But there isn't a flow palette manager - don't get me wrong, flows @ flows.nodered.org is great centralisation and sharing of knowledge. But it lacks the integration into Node-RED the editor. I am not criticising, I'm just making aware of parallels: I can install nodes in Node-RED, why can't I install flows into Node-RED? (Ok, I can install example flows from node packages using the importer ...)
I could say the same for collections - how can I quickly install a collection into Node-RED without copying each flow and importing each flow?
I don't want to go-it-alone with flowhub.org, I want to demonstrate features that might be useful for others and with that, have a proof-of-concept that works. Admittedly I removed the "download flow button" from flowhub because I wanted to use a different workflow, i.e., an integrated workflow within Node-RED. Nodes have to be installed to install flows, yes but I don't have to leave Node-RED to install them.
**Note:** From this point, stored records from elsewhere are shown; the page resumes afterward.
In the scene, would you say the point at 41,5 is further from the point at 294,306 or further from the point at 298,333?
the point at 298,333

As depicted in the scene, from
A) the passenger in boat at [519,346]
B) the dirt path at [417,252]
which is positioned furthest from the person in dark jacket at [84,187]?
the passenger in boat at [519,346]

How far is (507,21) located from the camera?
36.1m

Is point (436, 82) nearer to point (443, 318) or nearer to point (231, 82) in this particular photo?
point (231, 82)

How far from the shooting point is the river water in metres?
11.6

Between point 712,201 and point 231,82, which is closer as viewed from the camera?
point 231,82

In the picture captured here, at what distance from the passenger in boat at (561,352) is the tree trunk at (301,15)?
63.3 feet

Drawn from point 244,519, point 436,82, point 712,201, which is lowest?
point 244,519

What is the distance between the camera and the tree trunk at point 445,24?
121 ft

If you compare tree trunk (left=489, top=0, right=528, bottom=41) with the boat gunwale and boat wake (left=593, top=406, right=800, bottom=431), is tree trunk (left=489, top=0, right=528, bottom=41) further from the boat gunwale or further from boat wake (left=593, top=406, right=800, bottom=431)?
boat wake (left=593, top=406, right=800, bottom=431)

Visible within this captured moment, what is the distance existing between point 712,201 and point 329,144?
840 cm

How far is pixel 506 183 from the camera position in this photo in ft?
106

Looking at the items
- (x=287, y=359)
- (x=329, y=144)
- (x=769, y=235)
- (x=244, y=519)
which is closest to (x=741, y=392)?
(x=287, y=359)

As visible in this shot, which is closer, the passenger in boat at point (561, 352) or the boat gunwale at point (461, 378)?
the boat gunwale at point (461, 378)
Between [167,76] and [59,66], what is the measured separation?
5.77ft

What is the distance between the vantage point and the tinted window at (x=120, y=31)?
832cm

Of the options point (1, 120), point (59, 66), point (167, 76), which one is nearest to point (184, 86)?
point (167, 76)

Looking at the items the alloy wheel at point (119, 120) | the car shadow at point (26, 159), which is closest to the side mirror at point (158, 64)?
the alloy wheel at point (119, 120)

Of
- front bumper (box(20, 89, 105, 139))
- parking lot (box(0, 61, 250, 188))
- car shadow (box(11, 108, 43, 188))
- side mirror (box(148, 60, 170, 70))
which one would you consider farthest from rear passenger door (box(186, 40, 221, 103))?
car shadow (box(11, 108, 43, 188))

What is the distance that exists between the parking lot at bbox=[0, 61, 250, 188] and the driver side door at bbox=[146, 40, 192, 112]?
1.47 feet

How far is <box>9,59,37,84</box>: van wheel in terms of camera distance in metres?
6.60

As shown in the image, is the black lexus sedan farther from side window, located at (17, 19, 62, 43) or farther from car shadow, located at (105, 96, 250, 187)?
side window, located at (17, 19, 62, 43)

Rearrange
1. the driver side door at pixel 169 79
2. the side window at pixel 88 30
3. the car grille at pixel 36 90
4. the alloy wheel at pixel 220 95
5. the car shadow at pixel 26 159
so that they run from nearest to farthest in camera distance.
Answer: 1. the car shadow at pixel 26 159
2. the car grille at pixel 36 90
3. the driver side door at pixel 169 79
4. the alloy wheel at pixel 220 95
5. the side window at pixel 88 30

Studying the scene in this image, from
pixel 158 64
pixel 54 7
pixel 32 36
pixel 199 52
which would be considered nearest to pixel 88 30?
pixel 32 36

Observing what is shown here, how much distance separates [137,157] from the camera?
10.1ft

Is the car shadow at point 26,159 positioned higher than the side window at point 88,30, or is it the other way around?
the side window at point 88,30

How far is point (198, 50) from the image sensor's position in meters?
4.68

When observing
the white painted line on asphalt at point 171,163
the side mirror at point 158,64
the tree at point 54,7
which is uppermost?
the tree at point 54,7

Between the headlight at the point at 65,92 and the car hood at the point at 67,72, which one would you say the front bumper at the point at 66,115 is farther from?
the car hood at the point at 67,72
If I install packages in Linux, I don't download stuff from a website (although that was typical before the days of package managers), I want to have an integrated environment: apt-get install banana
.
I would - personally speaking - like to have a more collaborative development within the Node-RED community. FlowHub allows that - not very easily admittedly, but someone can pull a flow, then push changes to that flow, which I in-turn can install and modify and upload again. All without leaving Node-RED. (GitHub integration is inbuilt so there is nothing lost.)
Hence there are three nodes for FlowHub:
Pull to get a flow, diff to check what changed locally compared to the version currently at flowhub and thirdly a push put up a new version of the flow.
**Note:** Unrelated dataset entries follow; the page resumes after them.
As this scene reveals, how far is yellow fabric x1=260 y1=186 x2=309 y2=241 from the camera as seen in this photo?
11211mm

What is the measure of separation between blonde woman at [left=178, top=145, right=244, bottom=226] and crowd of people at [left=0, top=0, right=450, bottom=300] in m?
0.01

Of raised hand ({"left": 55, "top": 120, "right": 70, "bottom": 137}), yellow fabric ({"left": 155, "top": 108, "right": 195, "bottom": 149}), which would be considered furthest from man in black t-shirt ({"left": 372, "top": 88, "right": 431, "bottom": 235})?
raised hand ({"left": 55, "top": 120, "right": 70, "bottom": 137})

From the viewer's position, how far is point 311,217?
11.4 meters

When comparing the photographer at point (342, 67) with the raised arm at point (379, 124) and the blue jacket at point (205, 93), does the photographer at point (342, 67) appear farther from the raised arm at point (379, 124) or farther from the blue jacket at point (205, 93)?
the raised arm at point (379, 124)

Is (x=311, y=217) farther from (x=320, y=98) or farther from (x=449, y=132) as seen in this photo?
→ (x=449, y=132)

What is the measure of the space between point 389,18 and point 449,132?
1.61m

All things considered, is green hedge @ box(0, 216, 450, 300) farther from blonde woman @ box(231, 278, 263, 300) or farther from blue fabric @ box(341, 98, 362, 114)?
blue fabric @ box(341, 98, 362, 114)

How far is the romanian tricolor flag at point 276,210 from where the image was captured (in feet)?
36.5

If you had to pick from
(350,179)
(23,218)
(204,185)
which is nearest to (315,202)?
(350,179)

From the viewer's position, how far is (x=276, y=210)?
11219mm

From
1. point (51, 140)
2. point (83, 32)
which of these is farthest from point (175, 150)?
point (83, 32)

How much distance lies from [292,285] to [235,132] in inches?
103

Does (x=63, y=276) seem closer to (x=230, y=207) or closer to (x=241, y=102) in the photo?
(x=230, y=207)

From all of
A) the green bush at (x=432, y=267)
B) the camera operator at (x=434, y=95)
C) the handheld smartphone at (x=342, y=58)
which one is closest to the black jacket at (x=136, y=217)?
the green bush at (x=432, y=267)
Documentation for a flow is the tab info details, so I can describe a flow within Node-RED and have that documentation appear at flowhub.
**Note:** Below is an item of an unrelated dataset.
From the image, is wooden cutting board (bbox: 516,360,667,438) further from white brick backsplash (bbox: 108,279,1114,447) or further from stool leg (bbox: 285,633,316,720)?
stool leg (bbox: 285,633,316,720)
A future direction I can imagine is remote execution: flowhub could become an execution engine (much as a lambda function of AWS fame) whereby I upload a flow and then can execute that flow - remotely - using a remote execution node within my Node-RED instance. Just an idea that I had. (Spoiler: In fact I've already tried it and works now - see this flow which uses a raspberry pi and node-red as the execution engine)
That, for me, is making flows first-class passengers on airplane Node-RED!